Data for review —
────────────────────

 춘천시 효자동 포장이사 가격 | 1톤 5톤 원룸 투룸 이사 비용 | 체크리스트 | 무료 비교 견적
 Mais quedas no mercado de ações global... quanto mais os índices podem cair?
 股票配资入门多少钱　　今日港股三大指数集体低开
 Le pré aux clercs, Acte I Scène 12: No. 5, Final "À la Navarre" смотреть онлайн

────────────────────

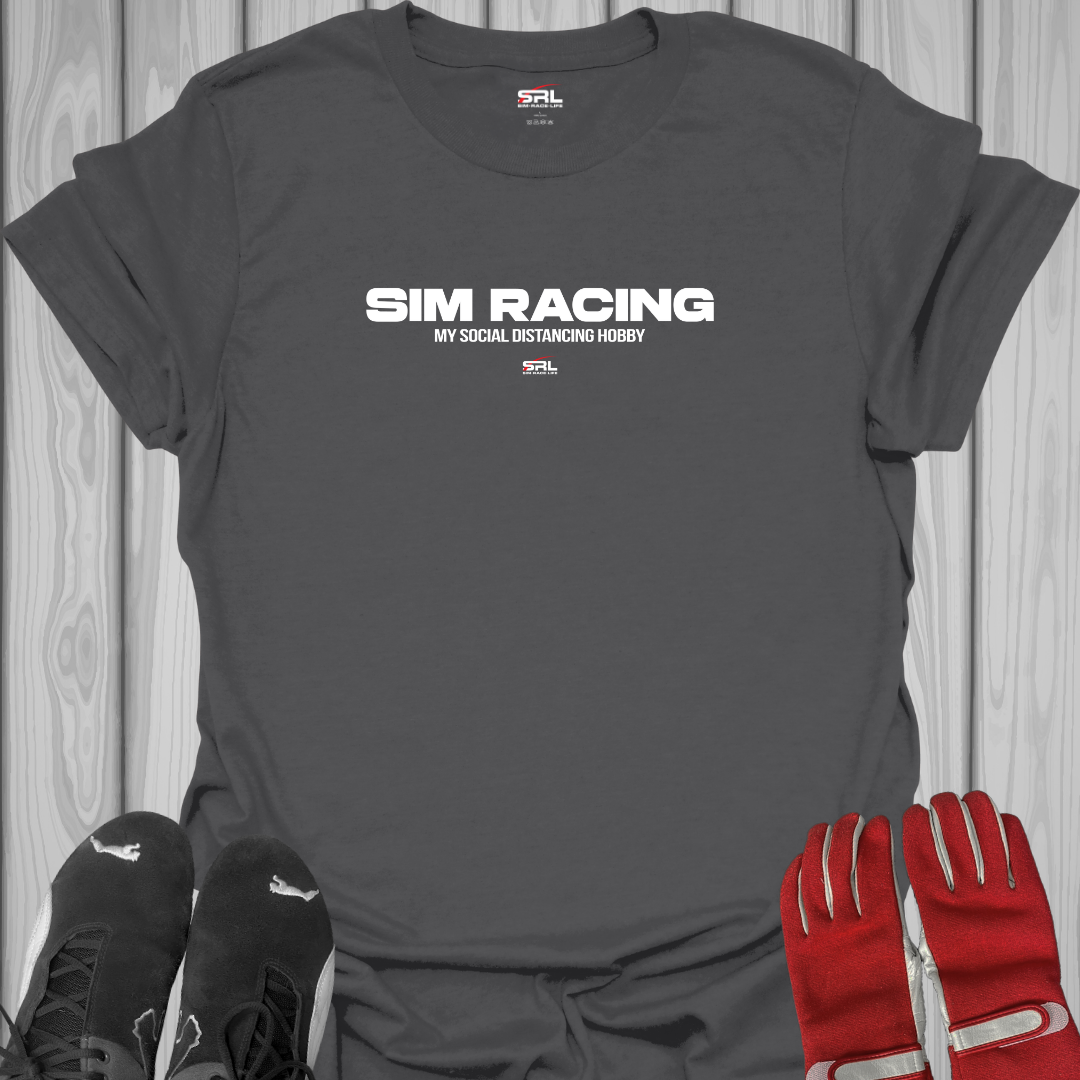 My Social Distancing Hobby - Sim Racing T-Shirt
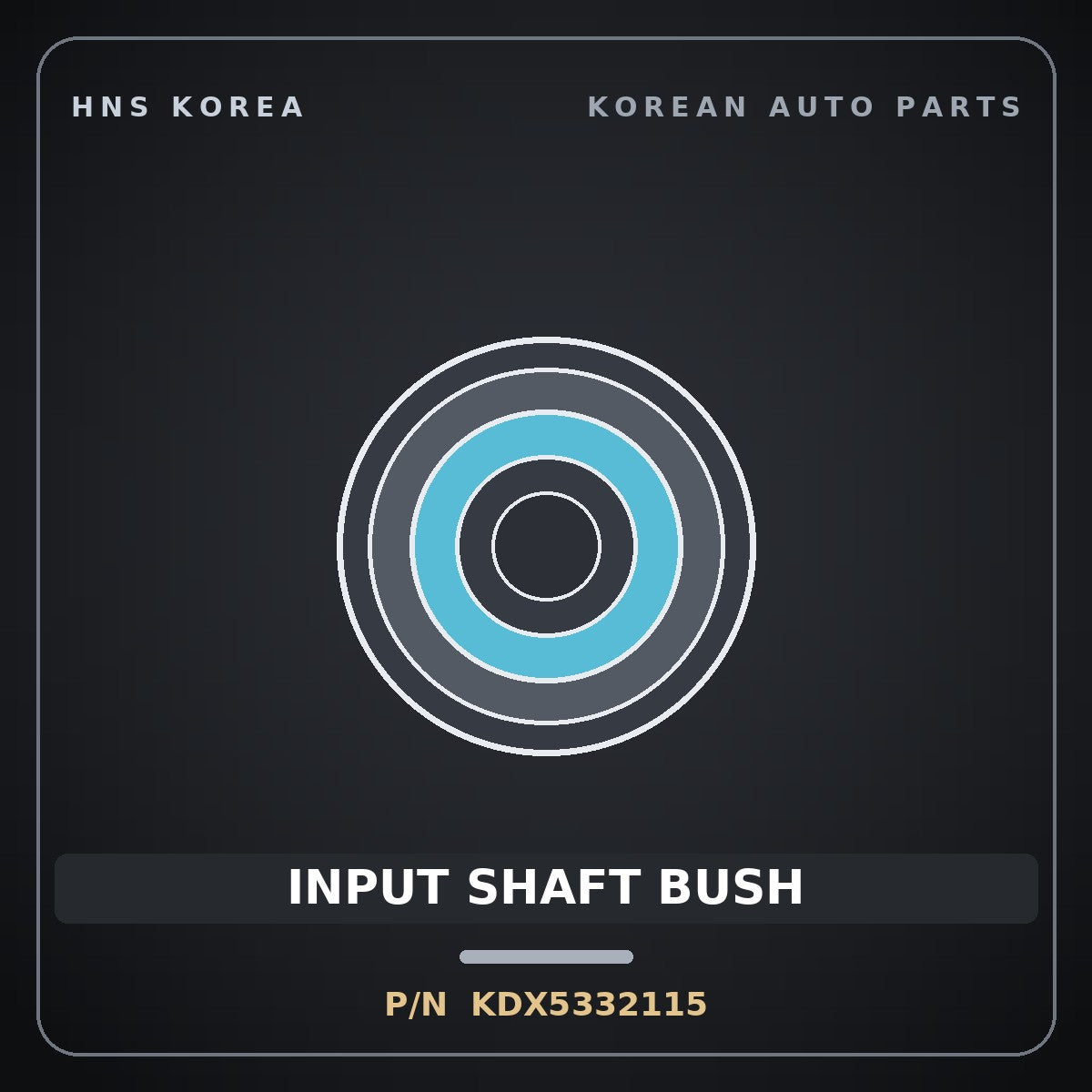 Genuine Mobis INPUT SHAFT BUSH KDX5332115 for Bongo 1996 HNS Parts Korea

────────────────────

Work instructions —
Within the material above, output exactly the lines from the one with "Mais quedas no" through the one with "Le pré aux clercs, Acte", end lines included, and nothing besides.

Response to this task —
 Mais quedas no mercado de ações global... quanto mais os índices podem cair?
 股票配资入门多少钱　　今日港股三大指数集体低开
 Le pré aux clercs, Acte I Scène 12: No. 5, Final "À la Navarre" смотреть онлайн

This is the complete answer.